Nah, setelah tahu kabar kalau kisah Keluarga Tak Kasat Mata bakal diadaptasi jadi film, mungkin lo punya pertanyaan yang sama kayak Viki; Bisa enggak, ya, film ini ngimbangin keepikan kisah aslinya?
Kenyataannya, film adaptasi memang enggak bisa lepas dari perbandingannya dengan sumber aslinya. Memang, sih, antara film dan kisah aslinya memang berbeda. Misalnya, dalam kasus Keluarga Tak Kasat Mata ini, yang satu karya sastra, satunya gambar bergerak. Meski berbeda, tapi mau enggak mau penontonnya bakal membanding-bandingkan. Terutama dari hasil akhirnya, apakah versi adaptasinya lebih menghibur, atau lebih buruk dari versi aslinya.
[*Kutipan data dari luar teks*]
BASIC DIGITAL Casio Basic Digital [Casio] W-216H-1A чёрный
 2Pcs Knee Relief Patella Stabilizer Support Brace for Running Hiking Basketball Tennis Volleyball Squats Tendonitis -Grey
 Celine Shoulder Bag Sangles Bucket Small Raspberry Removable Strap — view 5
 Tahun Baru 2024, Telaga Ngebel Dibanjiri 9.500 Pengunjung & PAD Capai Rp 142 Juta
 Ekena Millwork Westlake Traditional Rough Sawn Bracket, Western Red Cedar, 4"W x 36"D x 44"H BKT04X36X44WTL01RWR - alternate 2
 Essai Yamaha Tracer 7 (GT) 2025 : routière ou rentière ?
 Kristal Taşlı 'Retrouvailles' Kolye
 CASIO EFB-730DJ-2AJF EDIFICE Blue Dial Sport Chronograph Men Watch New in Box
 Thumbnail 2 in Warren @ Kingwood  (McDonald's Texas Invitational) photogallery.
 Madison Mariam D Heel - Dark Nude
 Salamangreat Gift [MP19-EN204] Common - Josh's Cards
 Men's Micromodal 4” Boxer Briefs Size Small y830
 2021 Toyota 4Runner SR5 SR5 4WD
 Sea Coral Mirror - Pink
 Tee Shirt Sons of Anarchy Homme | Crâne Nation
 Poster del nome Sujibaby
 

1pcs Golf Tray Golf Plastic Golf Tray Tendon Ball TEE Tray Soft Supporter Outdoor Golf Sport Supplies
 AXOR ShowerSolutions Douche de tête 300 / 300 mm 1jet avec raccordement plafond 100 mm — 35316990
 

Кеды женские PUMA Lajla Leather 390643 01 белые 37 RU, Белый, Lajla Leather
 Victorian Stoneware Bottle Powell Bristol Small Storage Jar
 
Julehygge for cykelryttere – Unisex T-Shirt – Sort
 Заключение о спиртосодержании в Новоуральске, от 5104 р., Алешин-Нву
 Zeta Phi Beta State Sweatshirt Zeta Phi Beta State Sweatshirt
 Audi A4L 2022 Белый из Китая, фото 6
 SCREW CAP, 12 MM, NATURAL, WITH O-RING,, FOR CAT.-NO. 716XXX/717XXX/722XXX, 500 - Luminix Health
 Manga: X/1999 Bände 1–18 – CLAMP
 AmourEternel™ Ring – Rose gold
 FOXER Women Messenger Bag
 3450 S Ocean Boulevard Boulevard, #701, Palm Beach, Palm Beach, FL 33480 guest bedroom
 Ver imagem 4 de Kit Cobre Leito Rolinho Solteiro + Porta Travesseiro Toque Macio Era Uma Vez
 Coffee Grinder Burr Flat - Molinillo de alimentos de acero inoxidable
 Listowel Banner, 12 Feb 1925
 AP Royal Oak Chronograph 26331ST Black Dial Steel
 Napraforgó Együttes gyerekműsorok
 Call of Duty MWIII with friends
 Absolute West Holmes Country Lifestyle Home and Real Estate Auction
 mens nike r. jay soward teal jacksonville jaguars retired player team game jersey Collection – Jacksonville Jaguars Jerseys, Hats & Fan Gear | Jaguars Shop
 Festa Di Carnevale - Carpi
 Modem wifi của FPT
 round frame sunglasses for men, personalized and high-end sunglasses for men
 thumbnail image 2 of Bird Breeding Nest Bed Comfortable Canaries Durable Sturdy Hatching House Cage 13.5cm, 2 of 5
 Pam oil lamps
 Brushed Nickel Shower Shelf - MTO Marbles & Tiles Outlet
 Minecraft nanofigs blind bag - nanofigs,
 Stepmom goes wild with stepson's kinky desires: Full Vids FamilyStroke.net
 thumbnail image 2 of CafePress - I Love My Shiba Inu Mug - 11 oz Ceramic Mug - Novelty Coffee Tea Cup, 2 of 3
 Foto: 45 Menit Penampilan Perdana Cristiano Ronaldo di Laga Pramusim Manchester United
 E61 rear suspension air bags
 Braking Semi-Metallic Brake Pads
Satu hal yang Viki suka dari cerbung Keluarga Tak Kasat Mata adalah ceritanya yang tersusun dengan sangat rapi. Genta harus diakui seperti seorang penulis yang handal. Dia mampu menyusun konflik, dari yang awalnya tenang-tenang saja, hingga mencekam yang tak ada hentinya. Rasanya seperti terhanyut. Memang, sih, menjelang bagian akhir, Genta terkesan seperti kehabisan ide dan bikin ceritanya jadi ngebosenin. Akan tetapi, tetap saja episode-episode awal cerbung ini patut lo baca kalau lo memang suka cerita horor.
Untuk versi filmnya, premisnya masih tetap sama, yaitu Genta dan kawan-kawan yang diganggu oleh makhluk halus di kantor barunya. Sayangnya, lo bakal kecewa kalau lo berharap filmnya bakal mengikuti format kisah versi cerbungnya.
Cerita yang digarap oleh sutradara Hedy Suryawan dan trio penulis skenario Lele Leila, Evelyn Afnila, dan Bonaventura D. Genta sedikit berbeda dari versi cerbungnya. Struktur pengisahannya enggak mengikuti apa yang dibawa dalam versi cerbungnya. Ada beberapa bagian penting yang ada di versi cerbungnya, enggak dibawa dalam versi filmnya. Perbedaaan ini justru menjadi nilai lebih karena film ini punya caranya sendiri untuk bercerita.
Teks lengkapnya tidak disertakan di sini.